Exercise inputs |
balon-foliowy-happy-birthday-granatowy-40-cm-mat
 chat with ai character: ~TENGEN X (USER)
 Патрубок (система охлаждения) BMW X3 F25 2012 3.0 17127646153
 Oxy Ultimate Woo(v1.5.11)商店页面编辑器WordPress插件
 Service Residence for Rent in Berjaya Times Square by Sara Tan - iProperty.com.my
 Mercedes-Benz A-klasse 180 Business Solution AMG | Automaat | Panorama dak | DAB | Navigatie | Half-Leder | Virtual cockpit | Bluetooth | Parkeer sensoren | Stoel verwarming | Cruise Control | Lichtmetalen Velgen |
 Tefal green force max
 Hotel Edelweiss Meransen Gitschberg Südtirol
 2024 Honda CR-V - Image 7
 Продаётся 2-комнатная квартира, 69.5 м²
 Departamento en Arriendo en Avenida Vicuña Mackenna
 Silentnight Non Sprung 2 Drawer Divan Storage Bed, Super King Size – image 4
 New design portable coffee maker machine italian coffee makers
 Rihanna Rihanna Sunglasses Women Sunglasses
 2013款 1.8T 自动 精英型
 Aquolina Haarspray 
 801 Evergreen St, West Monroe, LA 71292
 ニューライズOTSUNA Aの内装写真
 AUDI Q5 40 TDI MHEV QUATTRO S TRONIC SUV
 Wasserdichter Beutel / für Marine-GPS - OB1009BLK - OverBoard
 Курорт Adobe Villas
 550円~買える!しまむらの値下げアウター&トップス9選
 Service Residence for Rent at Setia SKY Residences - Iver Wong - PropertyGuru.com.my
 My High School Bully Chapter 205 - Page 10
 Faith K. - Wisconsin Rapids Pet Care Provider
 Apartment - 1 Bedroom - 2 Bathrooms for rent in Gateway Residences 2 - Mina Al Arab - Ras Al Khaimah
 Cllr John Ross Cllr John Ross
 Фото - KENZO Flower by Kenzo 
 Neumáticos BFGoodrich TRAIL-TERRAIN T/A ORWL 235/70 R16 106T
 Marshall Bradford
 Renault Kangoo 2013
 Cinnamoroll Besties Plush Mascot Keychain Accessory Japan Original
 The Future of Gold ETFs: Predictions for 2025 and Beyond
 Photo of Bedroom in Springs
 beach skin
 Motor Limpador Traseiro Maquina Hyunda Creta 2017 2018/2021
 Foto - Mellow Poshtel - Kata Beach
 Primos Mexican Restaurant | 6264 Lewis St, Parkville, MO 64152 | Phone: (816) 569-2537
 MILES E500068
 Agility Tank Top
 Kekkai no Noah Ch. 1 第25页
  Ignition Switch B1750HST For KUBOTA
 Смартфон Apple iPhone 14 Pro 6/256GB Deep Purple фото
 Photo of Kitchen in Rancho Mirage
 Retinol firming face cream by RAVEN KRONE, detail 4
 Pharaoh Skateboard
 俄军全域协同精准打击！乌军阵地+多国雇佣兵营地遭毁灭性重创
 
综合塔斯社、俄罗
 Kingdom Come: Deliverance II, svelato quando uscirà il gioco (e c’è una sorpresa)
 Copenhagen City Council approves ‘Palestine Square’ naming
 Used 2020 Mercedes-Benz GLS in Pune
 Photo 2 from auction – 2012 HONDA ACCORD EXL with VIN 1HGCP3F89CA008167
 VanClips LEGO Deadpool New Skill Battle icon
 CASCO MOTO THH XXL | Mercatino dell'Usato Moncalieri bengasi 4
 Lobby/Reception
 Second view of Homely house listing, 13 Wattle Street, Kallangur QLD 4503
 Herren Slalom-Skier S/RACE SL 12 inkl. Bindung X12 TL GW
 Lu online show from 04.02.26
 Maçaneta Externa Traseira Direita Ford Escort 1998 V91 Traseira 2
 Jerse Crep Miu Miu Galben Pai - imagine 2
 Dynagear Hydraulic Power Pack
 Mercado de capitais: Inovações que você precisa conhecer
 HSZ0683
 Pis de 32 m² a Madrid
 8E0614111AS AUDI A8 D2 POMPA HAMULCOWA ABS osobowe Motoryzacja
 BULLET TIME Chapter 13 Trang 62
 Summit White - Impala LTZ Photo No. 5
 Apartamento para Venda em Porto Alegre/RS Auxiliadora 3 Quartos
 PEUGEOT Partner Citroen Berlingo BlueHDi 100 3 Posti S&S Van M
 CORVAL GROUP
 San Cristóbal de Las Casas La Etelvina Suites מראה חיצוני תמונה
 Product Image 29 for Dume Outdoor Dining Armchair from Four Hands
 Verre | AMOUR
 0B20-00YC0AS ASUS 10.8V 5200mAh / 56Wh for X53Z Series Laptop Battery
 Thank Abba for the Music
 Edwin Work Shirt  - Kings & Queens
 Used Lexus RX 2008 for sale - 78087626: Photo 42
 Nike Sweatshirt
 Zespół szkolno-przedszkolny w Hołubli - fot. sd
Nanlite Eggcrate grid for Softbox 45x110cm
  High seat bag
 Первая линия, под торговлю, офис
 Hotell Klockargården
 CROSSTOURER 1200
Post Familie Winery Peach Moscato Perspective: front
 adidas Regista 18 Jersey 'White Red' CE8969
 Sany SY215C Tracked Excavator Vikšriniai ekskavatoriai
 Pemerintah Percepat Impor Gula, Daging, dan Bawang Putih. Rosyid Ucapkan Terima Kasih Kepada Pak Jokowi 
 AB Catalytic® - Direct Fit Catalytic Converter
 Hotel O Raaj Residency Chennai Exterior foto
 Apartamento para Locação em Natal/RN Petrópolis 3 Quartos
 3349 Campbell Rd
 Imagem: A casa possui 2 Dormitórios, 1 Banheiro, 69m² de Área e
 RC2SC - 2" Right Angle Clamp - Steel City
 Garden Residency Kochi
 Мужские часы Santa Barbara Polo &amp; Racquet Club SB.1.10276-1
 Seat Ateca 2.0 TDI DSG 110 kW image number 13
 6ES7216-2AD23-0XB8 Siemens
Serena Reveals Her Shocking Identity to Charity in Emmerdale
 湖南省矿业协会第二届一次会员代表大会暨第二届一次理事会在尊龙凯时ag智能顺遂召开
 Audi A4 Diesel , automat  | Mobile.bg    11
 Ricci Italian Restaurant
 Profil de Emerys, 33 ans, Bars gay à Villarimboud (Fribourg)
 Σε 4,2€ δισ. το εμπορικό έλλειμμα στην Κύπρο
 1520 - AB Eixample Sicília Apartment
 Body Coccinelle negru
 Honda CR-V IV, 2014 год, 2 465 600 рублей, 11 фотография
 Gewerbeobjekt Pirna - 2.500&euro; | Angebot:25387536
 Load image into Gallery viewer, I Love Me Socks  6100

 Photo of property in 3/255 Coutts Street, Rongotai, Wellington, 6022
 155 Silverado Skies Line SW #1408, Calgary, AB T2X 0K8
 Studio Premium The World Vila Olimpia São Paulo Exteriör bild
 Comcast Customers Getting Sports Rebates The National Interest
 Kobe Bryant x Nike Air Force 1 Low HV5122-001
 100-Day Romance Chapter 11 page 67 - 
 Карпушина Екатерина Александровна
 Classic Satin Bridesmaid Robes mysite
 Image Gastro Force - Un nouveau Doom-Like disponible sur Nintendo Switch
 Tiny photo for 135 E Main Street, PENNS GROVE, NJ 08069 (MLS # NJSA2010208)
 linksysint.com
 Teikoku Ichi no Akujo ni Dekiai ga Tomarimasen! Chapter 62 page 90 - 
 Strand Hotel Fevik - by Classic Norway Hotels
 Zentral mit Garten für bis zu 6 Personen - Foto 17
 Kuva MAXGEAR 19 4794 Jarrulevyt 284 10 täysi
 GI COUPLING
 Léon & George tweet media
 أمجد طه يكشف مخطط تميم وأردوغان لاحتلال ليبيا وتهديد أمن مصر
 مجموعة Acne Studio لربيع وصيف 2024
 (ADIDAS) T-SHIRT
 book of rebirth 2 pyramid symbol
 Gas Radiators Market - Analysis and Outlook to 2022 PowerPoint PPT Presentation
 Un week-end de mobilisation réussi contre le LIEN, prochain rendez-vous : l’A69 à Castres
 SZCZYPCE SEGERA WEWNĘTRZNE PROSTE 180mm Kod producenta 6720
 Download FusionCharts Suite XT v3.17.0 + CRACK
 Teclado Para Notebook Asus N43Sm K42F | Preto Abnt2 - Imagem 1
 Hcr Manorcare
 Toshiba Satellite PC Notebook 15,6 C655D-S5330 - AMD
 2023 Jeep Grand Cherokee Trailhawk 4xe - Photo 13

Aim of the task | Precisely reproduce the lines of the entries, beginning at the first and ending at the one containing "Silentnight Non Sprung". Add nothing.

Exercise response |
balon-foliowy-happy-birthday-granatowy-40-cm-mat
 chat with ai character: ~TENGEN X (USER)
 Патрубок (система охлаждения) BMW X3 F25 2012 3.0 17127646153
 Oxy Ultimate Woo(v1.5.11)商店页面编辑器WordPress插件
 Service Residence for Rent in Berjaya Times Square by Sara Tan - iProperty.com.my
 Mercedes-Benz A-klasse 180 Business Solution AMG | Automaat | Panorama dak | DAB | Navigatie | Half-Leder | Virtual cockpit | Bluetooth | Parkeer sensoren | Stoel verwarming | Cruise Control | Lichtmetalen Velgen |
 Tefal green force max
 Hotel Edelweiss Meransen Gitschberg Südtirol
 2024 Honda CR-V - Image 7
 Продаётся 2-комнатная квартира, 69.5 м²
 Departamento en Arriendo en Avenida Vicuña Mackenna
 Silentnight Non Sprung 2 Drawer Divan Storage Bed, Super King Size – image 4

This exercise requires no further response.